CRITICAL ANALYSIS OF CROSS BORDER MERGERS AND ACQUISITIONS IN INDIA

The act where one company acquires a company based in a different country is called Cross Border Acquisition. So, cross border mergers and acquisitions essentially helps the companies to expand their operations around the world without having to start from rock bottom. This results in the transfer of control and authority in operating the merged or acquired company where the assets and liabilities of both companies are combined as per the terms of the merger company. Though in terms of the acquired company, they include a transformation process of assets and liabilities of a local company to a foreign company making the local company affiliated to it.
They benefit the countries by increasing the economies as they restructure the whole industrial process and production structure throughout the world. They ensure that there be the transfer of technology, capital, goods, and services throughout the world and ensure that the scope of networking is improved between nations. India saw a change in its trade and investment policies in the early 1990s which increased the growth of the Indian economy due to these financial and legal reforms. They eased on restrictions on foreign investment and acquisition and deregulation along with privatization of many such industries which essentially were a barrier for cross-border merger and acquisition growth.
In Indian laws the present provisions of mergers and acquisitions are found in Companies Act, 2013; Competition Act, 2002; SEBI (Substantial Acquisition of Shares and Takeovers) Regulations, 2011; Insolvency and Bankruptcy Code, 2016; Income-tax Act, 1961; Transfer of Property Act, 1882; Indian Stamp Act, 1899; Foreign Exchange Management Act, 1999 (FEMA) and other such laws.

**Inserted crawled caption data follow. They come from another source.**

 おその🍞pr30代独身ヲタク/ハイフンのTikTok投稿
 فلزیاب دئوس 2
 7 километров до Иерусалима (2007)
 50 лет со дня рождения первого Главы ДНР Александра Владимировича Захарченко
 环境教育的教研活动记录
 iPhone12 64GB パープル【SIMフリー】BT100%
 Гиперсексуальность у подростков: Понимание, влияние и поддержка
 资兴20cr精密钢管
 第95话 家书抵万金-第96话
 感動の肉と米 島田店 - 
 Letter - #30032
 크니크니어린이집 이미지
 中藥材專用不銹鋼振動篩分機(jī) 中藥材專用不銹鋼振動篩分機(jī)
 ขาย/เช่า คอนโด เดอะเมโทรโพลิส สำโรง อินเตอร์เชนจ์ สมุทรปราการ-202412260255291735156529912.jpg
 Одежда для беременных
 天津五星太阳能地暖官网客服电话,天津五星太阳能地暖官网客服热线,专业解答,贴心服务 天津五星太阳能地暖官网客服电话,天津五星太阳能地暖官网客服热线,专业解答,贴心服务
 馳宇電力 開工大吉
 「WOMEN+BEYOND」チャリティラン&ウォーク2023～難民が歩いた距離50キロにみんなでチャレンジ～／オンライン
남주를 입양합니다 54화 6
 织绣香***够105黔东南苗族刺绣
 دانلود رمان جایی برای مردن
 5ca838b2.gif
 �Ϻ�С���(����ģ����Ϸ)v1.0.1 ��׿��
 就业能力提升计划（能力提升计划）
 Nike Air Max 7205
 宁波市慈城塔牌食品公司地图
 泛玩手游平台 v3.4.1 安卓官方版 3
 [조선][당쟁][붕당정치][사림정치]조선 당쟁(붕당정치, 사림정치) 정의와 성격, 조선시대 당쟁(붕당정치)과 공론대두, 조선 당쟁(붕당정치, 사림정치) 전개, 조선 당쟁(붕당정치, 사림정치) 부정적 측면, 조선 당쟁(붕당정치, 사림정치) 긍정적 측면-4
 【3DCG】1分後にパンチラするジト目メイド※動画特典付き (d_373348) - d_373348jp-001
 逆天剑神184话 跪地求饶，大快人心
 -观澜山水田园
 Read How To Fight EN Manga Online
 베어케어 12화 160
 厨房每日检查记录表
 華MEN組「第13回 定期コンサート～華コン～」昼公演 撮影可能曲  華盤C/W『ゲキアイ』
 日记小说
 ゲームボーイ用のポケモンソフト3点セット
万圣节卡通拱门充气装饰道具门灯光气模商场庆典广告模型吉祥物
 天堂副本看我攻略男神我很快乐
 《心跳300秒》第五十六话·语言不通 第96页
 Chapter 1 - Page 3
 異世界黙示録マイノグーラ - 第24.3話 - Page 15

The Companies Act, 2013 deals with the concept of Mergers and Acquisitions in Chapter XV (sections 230-240).
The Act does not give any specific definition of the term merger but can be understood as the process where two or more entities are involved in the transfer of assets and liabilities from each other. The Act talks about the merger of an Indian company with a foreign company stating that subject the changes that are made the provisions of merger and amalgamation shall apply to companies that are registered under the Companies Act and are incorporated within the jurisdiction of the countries. This needs to be notified after seeking consultation from the RBI by the central government.
This widens the scope of a foreign company by including the company or body corporate that has been incorporated outside India checking whether they have a place for business in India or not. In the case where foreign companies have a business in India, they can conduct such activities themselves, or through agents by using physically or electronic mode of payment. The shareholders of the merging companies can be paid either in cash or in form of a depository receipt.
The Competition Act, 2002 having sections 5-6, and 29-32 where uses the word combinations to cover the acquisition of control, shares, voting rights and assets, and mergers and amalgamations.
In the SEBI Regulations, 2011 the term ‘Takeover’ anticipates the concept of an acquirer taking over the control or management of the firm targeted by acquiring shares or voting rights. Indian culture as a whole has grown from this concept as they can explore new markets and essentially with a good vested interest can expand their scope of business with the same. People are getting acquainted with the practices that are followed in other countries as well and are following some of them if they seem beneficial to them. They are also confident in the newly involved market as they are to follow the rules that are present for a safe and proper business agreement between the countries to be followed and bring about foreign revenue. The domestic market has exponentially improved as more people feel confident with their products as they are motivated to sell more due to the increase in competition.
The Indian economy has shown its potential with the growth in foreign investment-related transactions with the support of government policies that are protecting the interests of the businesses. This gives entrepreneurs the confidence to explore new business ventures and maintain domestic economic growth by keeping the interest of foreign investors and having a regular flow of funds from overseas. Since the regulations for the cross border are relatively new, a lot of issues are to be identified practically and must be dealt with in due course of time.